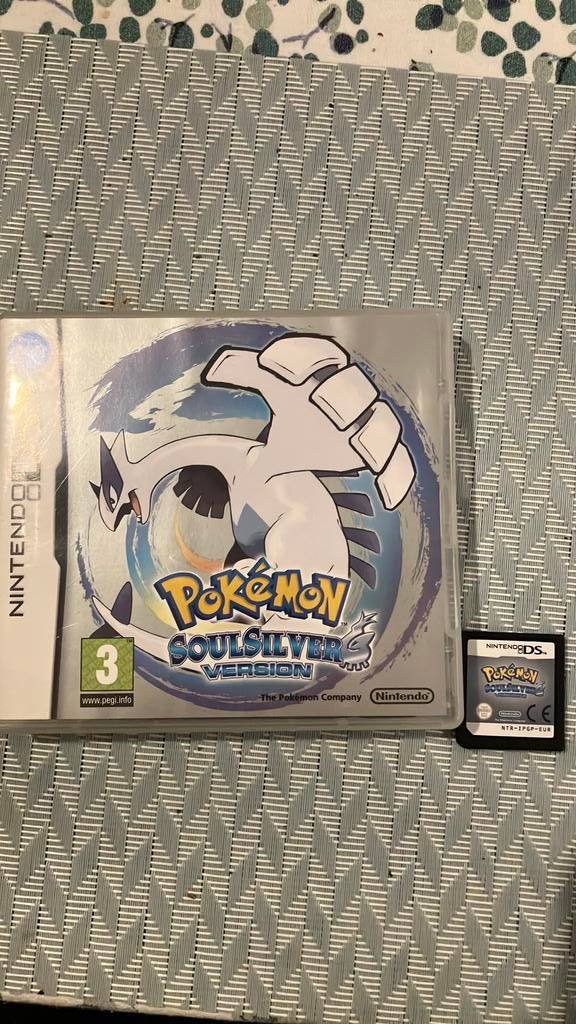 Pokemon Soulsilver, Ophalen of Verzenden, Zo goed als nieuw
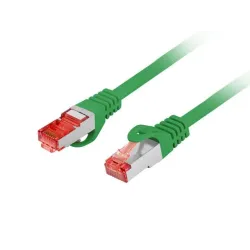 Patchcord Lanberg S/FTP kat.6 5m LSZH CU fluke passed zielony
* * *
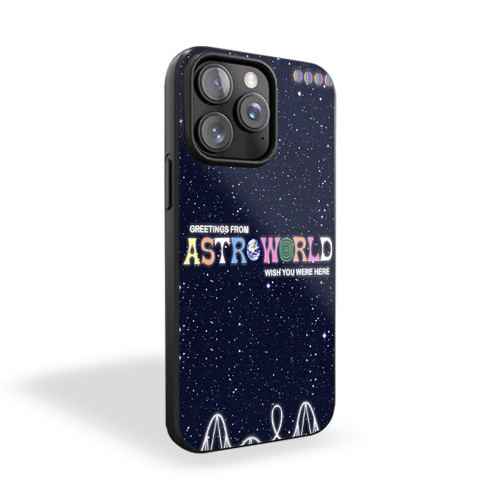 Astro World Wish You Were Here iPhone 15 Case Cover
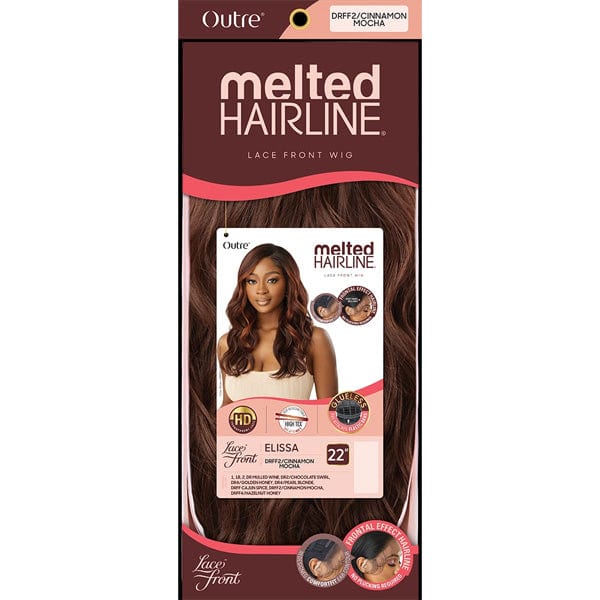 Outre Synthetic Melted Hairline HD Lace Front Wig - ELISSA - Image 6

#### YOUR TASK
Starting at the line with "Astro World Wish" in the entries above, write out every line exactly until the line with "Outre Synthetic Melted" has been written. Include no pictures and nothing more.

#### RESPONSE
 Astro World Wish You Were Here iPhone 15 Case Cover
 Outre Synthetic Melted Hairline HD Lace Front Wig - ELISSA - Image 6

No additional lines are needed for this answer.